** Extracted material **
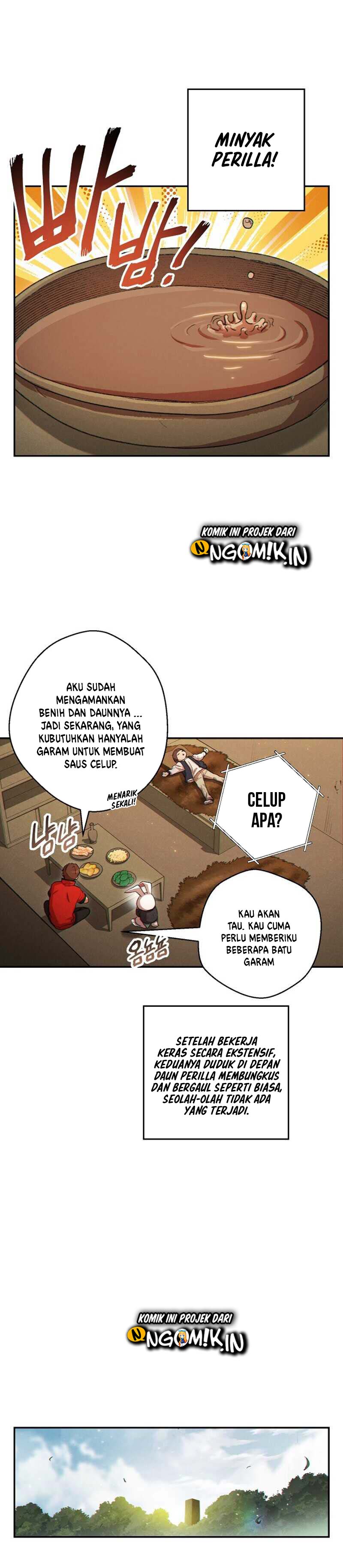 Dungeon Reset chapter 34 halaman 17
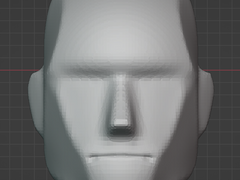 얼굴 스컬핑 Chapter 01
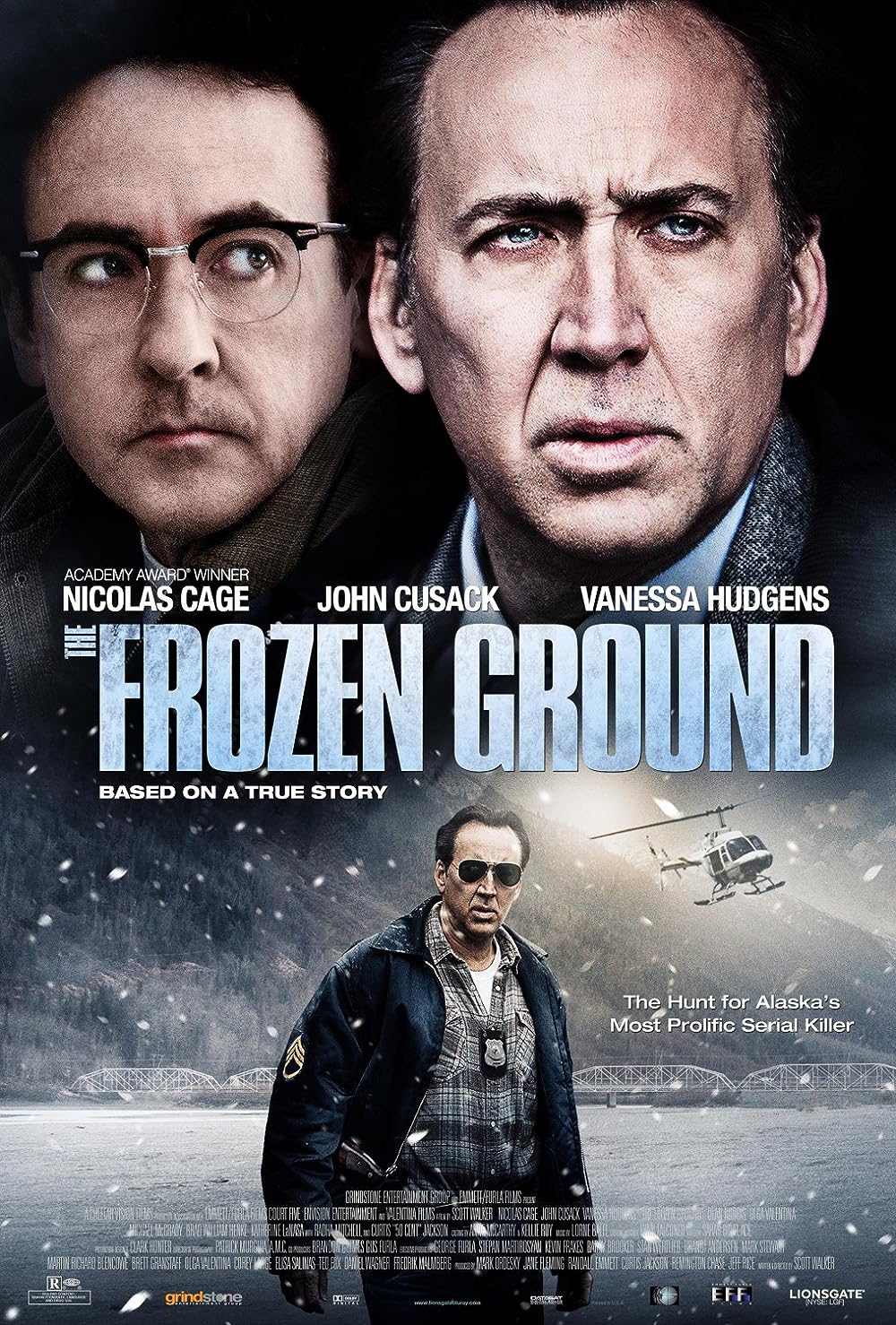 The Frozen Ground 2013 BluRay Hindi Dual Audio ORG Full Movie Download 1080p 720p 480p ESubs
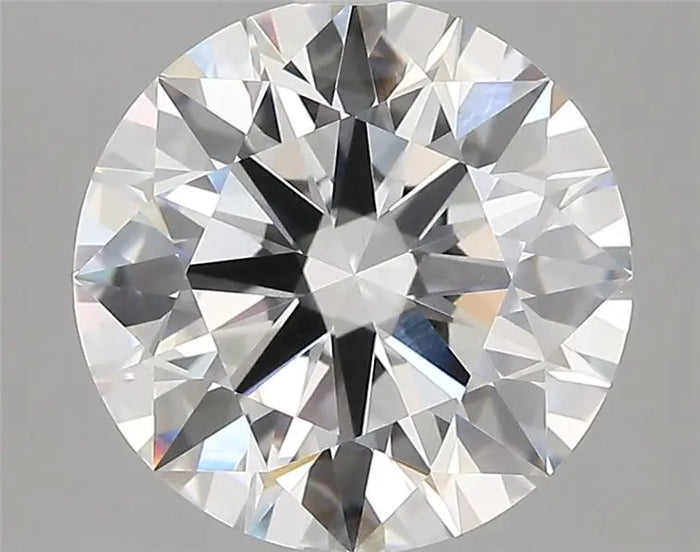 4.13 Carat · ROUND · D · VVS1 · IGI · Ideal Cut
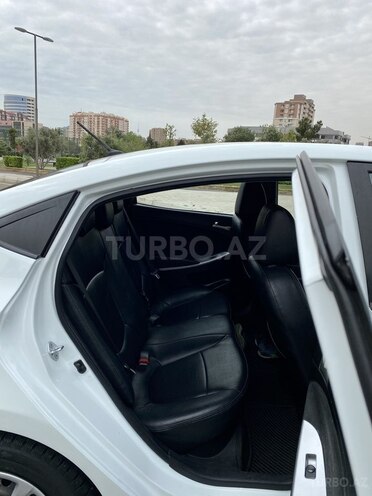 Hyundai Accent 2014, 132,000 km - 1.6 л - Bakı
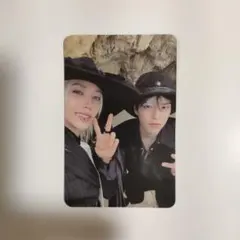 Straykids DO IT 限定盤 ユニットトレカ フィリックス スンミン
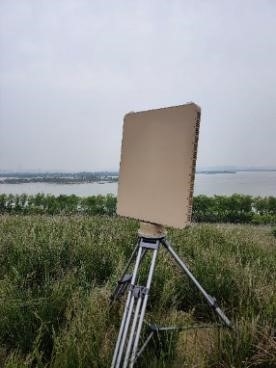 FMCW System Air Defense Ground Surveillance Integrated Radar For Border Security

** What needs to be done **
Everything in the data except the pictures should be restated word for word.

** Written response **
 Dungeon Reset chapter 34 halaman 17
 얼굴 스컬핑 Chapter 01
 The Frozen Ground 2013 BluRay Hindi Dual Audio ORG Full Movie Download 1080p 720p 480p ESubs
 4.13 Carat · ROUND · D · VVS1 · IGI · Ideal Cut
 Hyundai Accent 2014, 132,000 km - 1.6 л - Bakı
 Straykids DO IT 限定盤 ユニットトレカ フィリックス スンミン
 FMCW System Air Defense Ground Surveillance Integrated Radar For Border Security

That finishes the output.